Syn Villas wkracza na wojenną ścieżkę

Krzysztof Gospodarek, zaniepokojony losem matki, złożył doniesienie do prokuratury na opiekunkę piosenkarki, Elżbietę Budzyńską - pisze "Fakt".

Ta sprawa ciągnie się jak spaghetti. Co jakiś czas dochodzą nas z mediów głosy, że Violetta Villas nie ma się najlepiej. Zresztą widać to, kiedy niegdysiejsza gwiazda pojawia się np. w telewizji. Całkiem niedawno w programie "Uwaga" na TVN-ie odkryto, iż Elżbieta Budzyńska poi Villas alkoholem.

Mieszkańcy Lewina, w którym mieszka Villas , również są zaniepokojeni stanem jej zdrowia.

- Pani Budzyńska zabije Violettę - miał powiedzieć jeden z nich "Faktowi". - Ona pierze jej mózg i podaje alkohol. Pewnie niedługo zbierze się grupa osób, która zajmie się Budzyńską.
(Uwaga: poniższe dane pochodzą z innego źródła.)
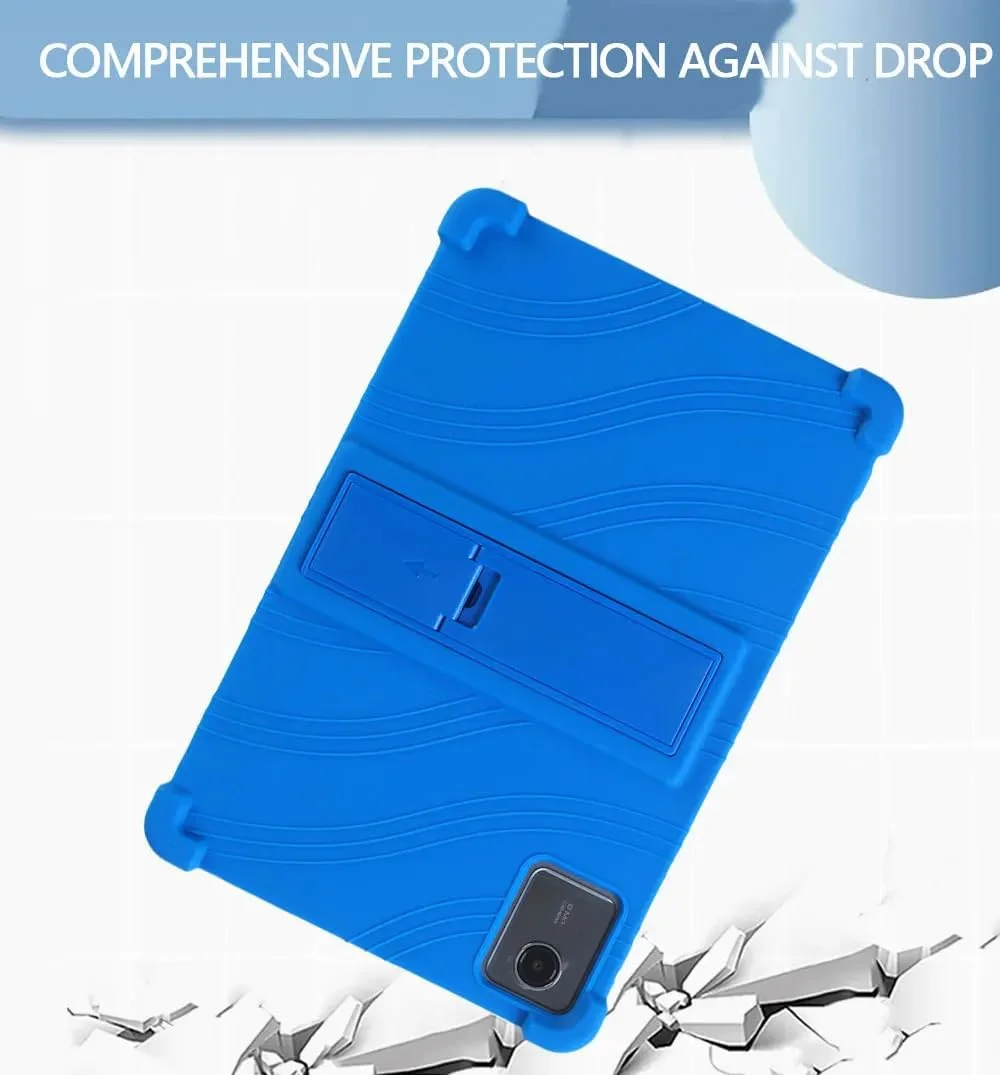 کاور تبلت گرواتری مناسب برای تبلت لنوو Idea Tab 11 اینچ 2025 (TB336ZU/TB336FU) [مناسب کودکان] کاور سیلیکونی نرم با گوشه‌های ضخیم و مقاوم در برابر ضربه به همراه استند چند زاویه‌ای (بنفش)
Grupy osób jeszcze nie widać, ale na pewno sprawą zajął się syna piosenkarki. Krzysztof Gospodarek potwierdził kolorowemu dziennikowi, iż złożył doniesienie do Prokuratury Rejonowej. Budzyńska się go nie boi. Twierdzi, że w takim przypadku Violetta Villas napisze list, w którym wyjaśni, że nie dzieje jej się żadna krzywda.

Oby ta sprawa nie miała dramatycznego finału.